The story is told from two points of view: Tilly Silverberg, a widowed gardener with a young son living in rural North Carolina, and James Nealy, a recent transplant to the area. Despite starting out in rural North Carolina, the bulk of the story takes place in England. Tilly’s mother suffers a fall, breaking her leg, which prompts Tilly to return to England with her son to spend the summer there helping her mother. The other reason is because James keeps hounding Tilly to design a landscape for his house even though she repeatedly tells him no.
The main characters are an unlikely pair since Tilly has chosen to isolate herself from society since her husband’s death three years ago, falsely blaming herself for following through with his living will decision. James suffers from OCD, anxiety, and other crippling mental health issues who has retired from his business at age 45 to work on conquering his issues. Due to James’ OCD, he persists in recruiting Tilly to design a garden even hopping on a plane to England to join Tilly and her son. Throughout the book, the two of them struggle to battle past ghosts which affect their current situation.
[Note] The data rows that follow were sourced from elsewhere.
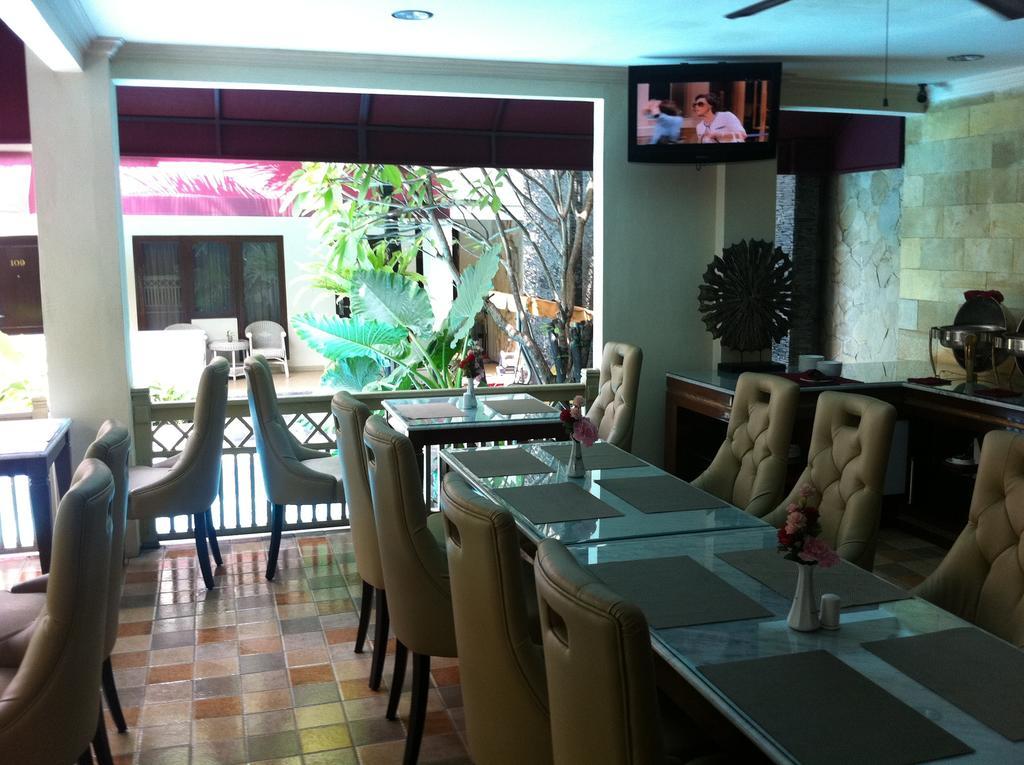 Indah Palace Hotel
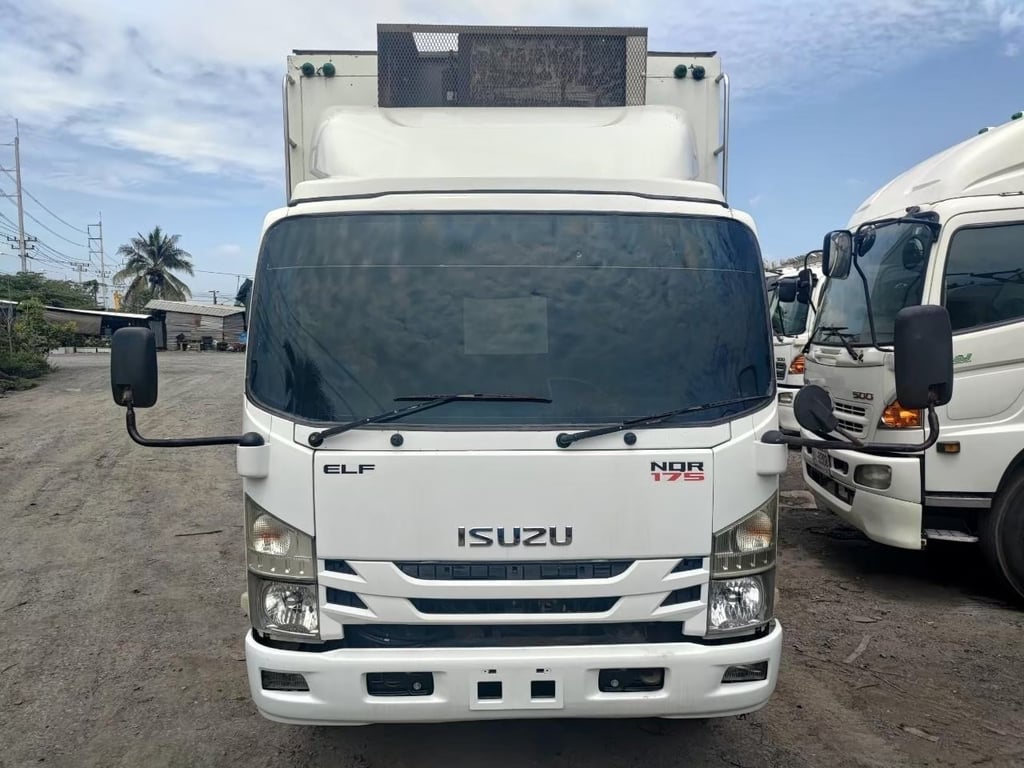 ISUZU NQR 175แรงม้า รถบรรทุก 6ล้อ ตู้เย็น ปี2011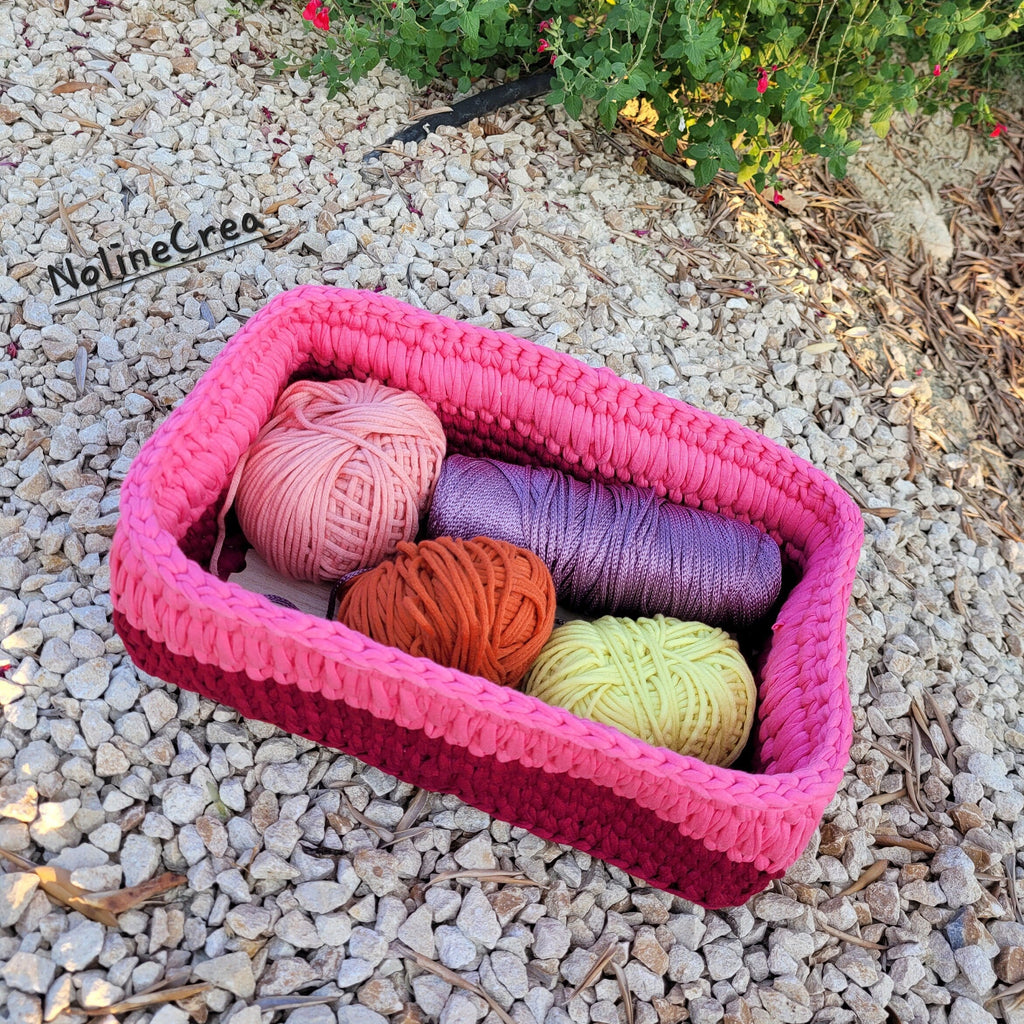 Panier de rangement fait au crochet, couleur rouge et rose, fond rectangle en bois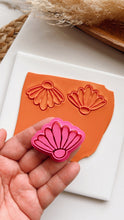 Load image into Gallery viewer, Sasha Flower Clay Cutter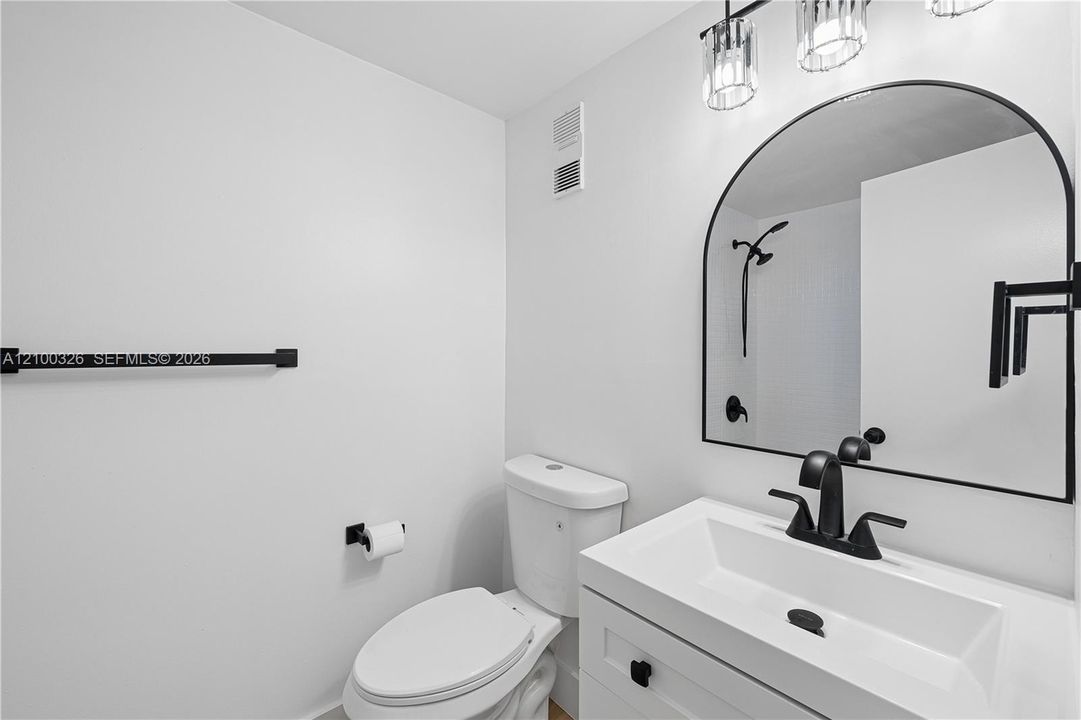 В аренду: $3,950 (2 спален, 2 ванн, 1000 Квадратных фут)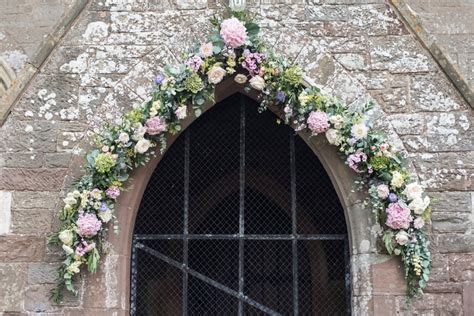 7 Creative Ways To Decorate Your Church For Your Wedding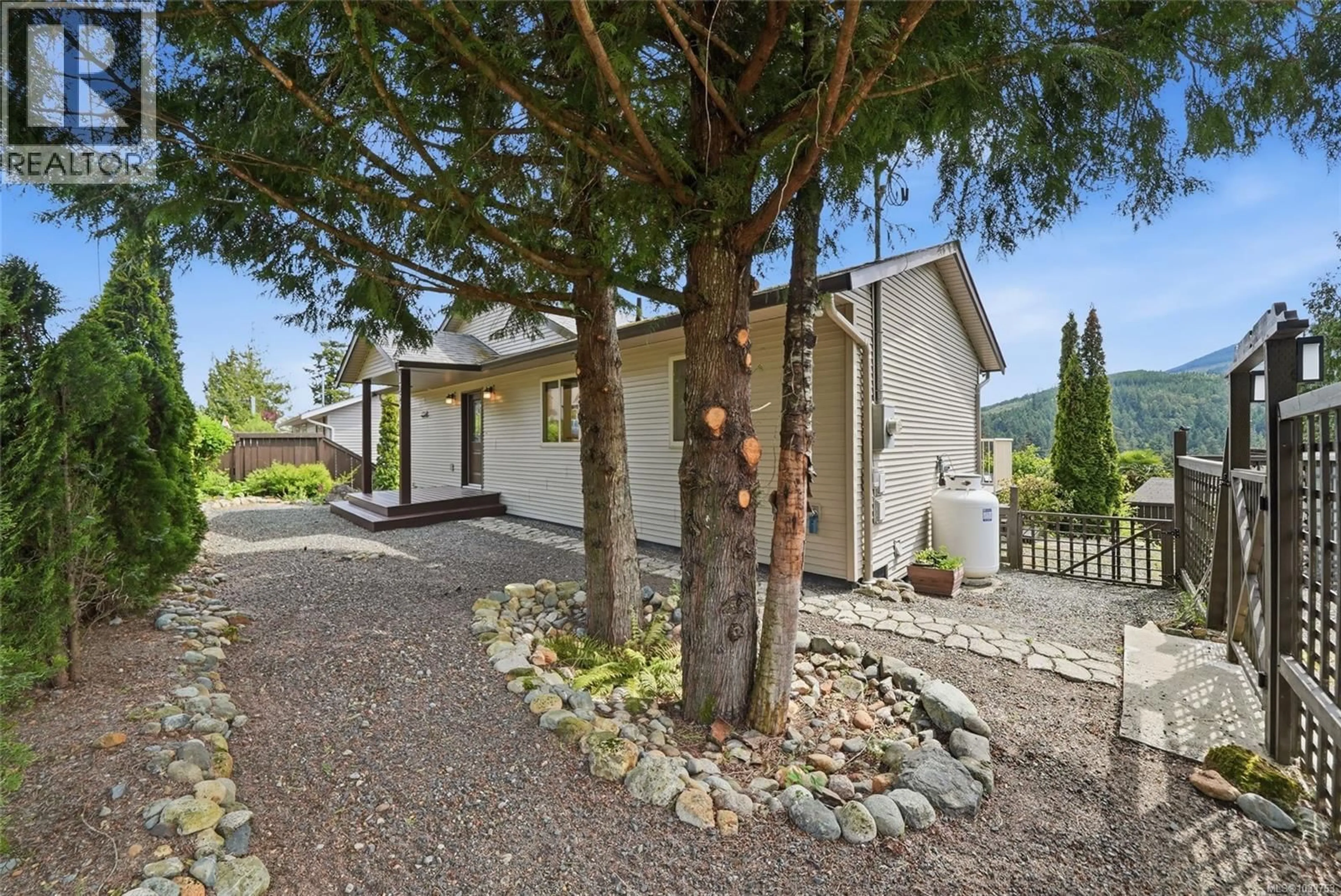 Unknown for 1758 MARTINI WAY, Qualicum Beach British Columbia V9K2S3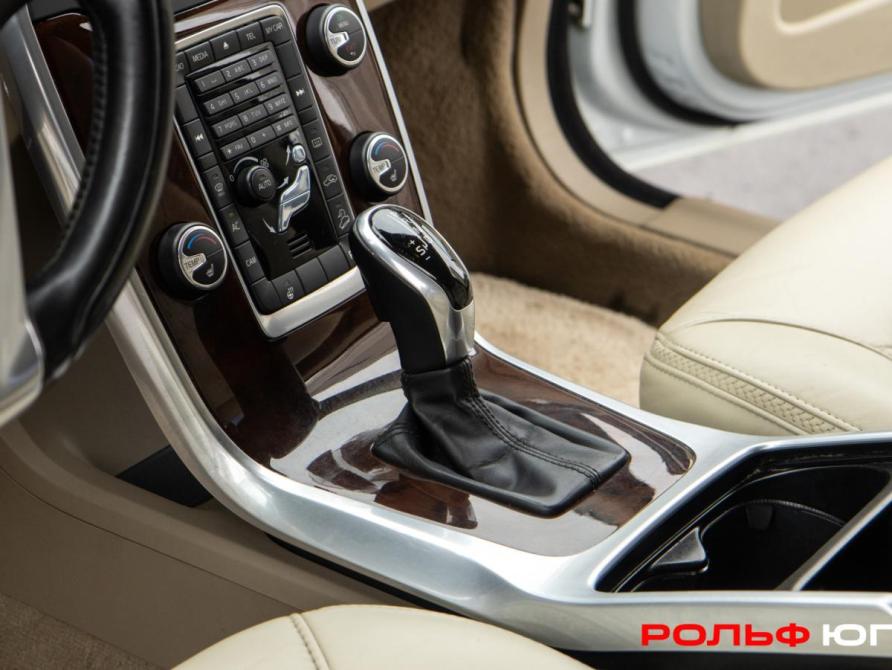 Volvo XC70 II Рестайлинг Москва  - изображение 15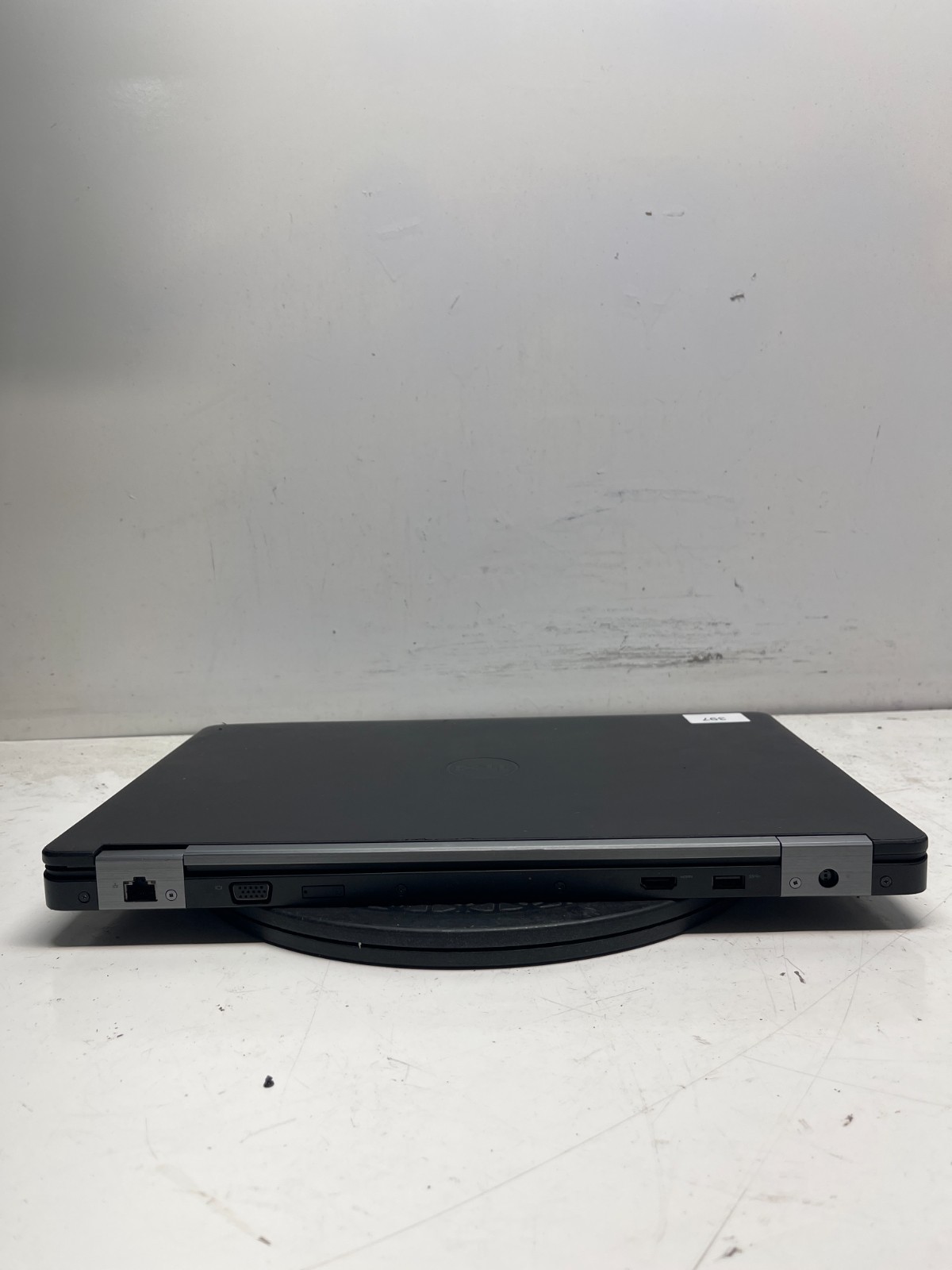 Dell Latitude E5570 Intel Core i5-6300U 2.40 GHz NO RAM NO HDD – FOR PARTS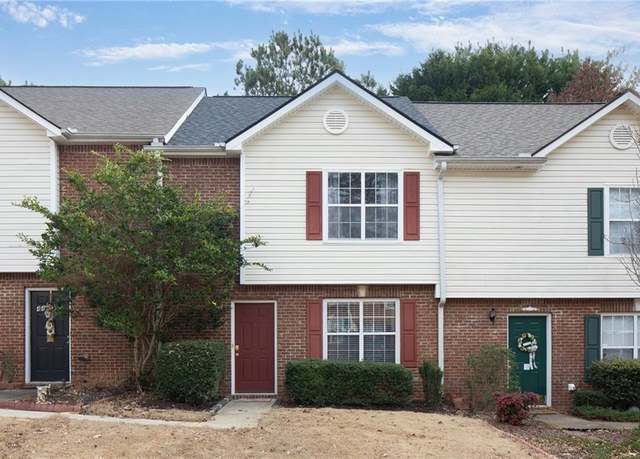 Property at 4470 Maple Valley Dr, Cumming, GA 30040, 2 beds, 2.5 baths
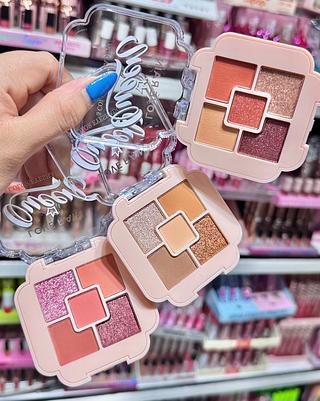 Paleta de sombra Love Rain Cores separar que estevem disponível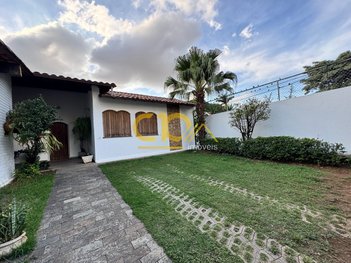 house em Avenida Santa Rosa, São Luiz - Belo Horizonte - MG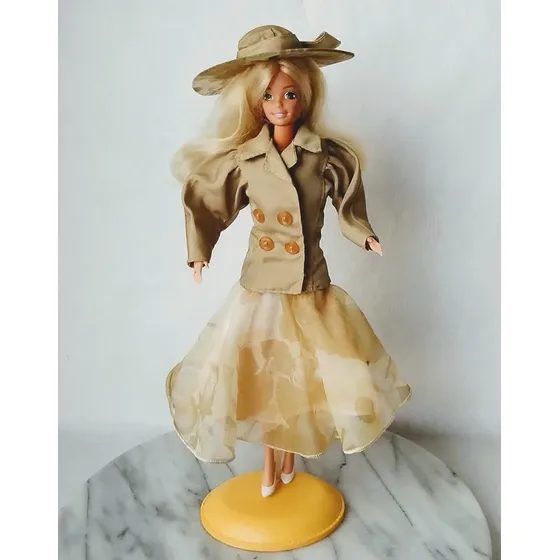 Barbie Alta Costura Com Chapéu Estrela 1990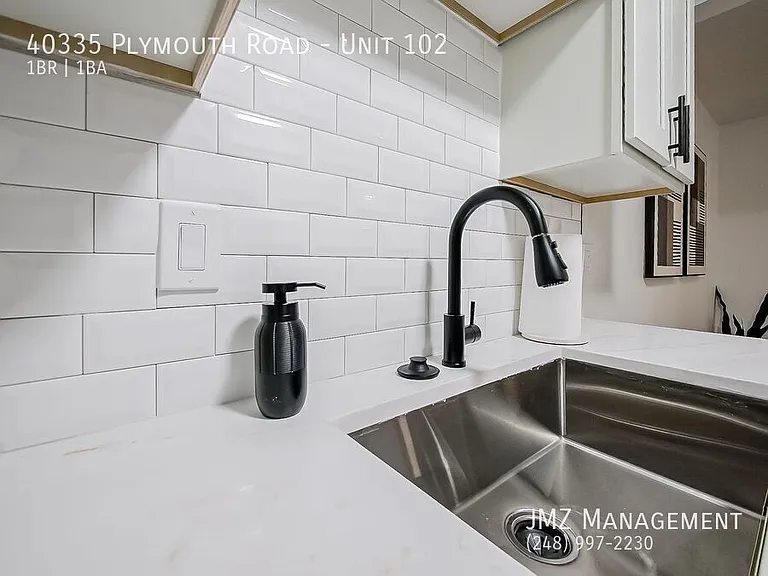 40335 Plymouth Rd #102 — Photo 16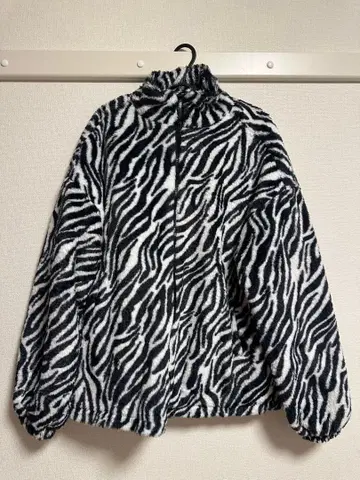 제브라 패턴 플리스 자켓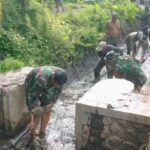 Cegah Banjir, Anggota Koramil 0819/12 Rembang Gelar Karya Bakti Bersihkan Sungai Bersama Warga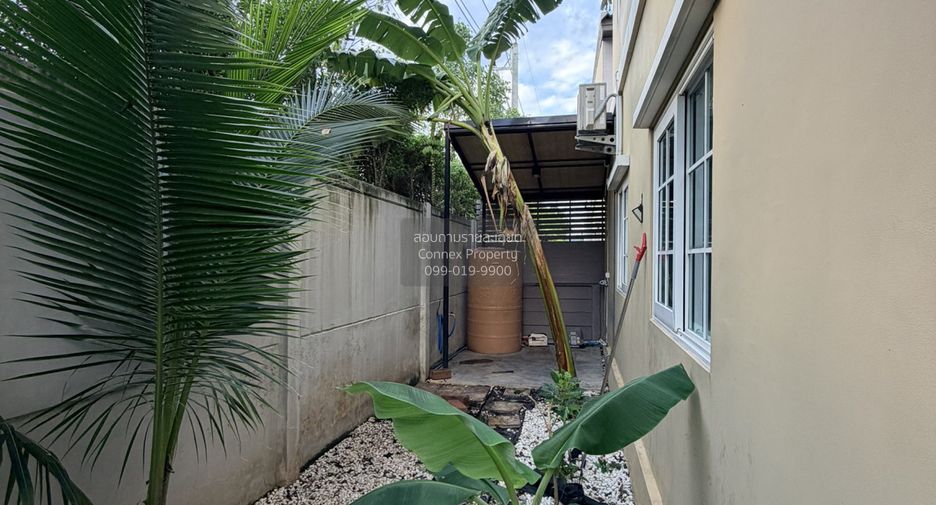 For rent 4 bedrooms townhouse in Thanyaburi, Pathum Thani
I had a hard time finishing this. More than once I wanted to just bag it but kept on reading because there were glimmers it would get better and more interesting. Except then I’d get disappointed as the story would slow down, the characters would become too self-absorbed, and unrealistic subplots would come into the picture.
It didn’t help that I didn’t care for either main character nor did I find the supporting cast very interesting other than Tilly’s son and mother. Why Tilly felt the need to lie about a potential life-threatening situation, only confiding in James, is beyond me. I genuinely don’t understand why her ex or James find her attractive. She’s nice and a good mother but she doesn’t offer much else other than an extensive knowledge of plants.
I found James’ behaviors and lack of impulse control scary more than endearing, while I understand he suffers from OCD and anxiety, a point hammered home ad nauseam, the way he acts from jumping on a plane to England because he can’t take no for an answer, to hiding important information like he has a grown son, bugs me as a reader. I supposed I’m to give him a pass because he’s good looking (debatable at best) and rich. Ahh, that lovely trope of no matter how messed up the male lead is emotionally, if he’s hot and rich, he gets away with it without too much second-guessing.
I suspect I was supposed to love Tilly’s zany best friend Rowena but she felt out of place and a stereotype. Another supporting character was Tilly’s childhood sweetheart who just happens to be going through a divorce at that exact same time and escapes to the village they grew up in. Naturally this creates a (forced) friction between James and the ex both of whom are competing with the ghost of Tilly’s dead husband.
The book is painful in trying to shoehorn in a romantic connection between Tilly and James. It takes too long to get to either of them explaining their feelings and when it does, it’s just awkward and unrealistic. If the book instead focused on developing a friendship between James and Tilly rather than a romance, I think it would have worked better.
Another thing that bugged me about the book was all the overwriting the author did. One of my biggest pet peeves and something I notice more with contemporary women’s fiction is how many questions are asked. For James’ personality it made sense to hear him internally questioning what he said and did since it was part of his personality but when both characters do it, it’s incredibly irritating. A lot of that could have been cut out which would have tightened up the flow of the story. Another issue I had was how inconsistent the author was in resolving twist both large and small.
On a scale of 1 to 5 pencils, I give The Unfinished Garden 2 pencils out of 5. It was forced and inconsistent in all areas but at least the scenery descriptions were lovely.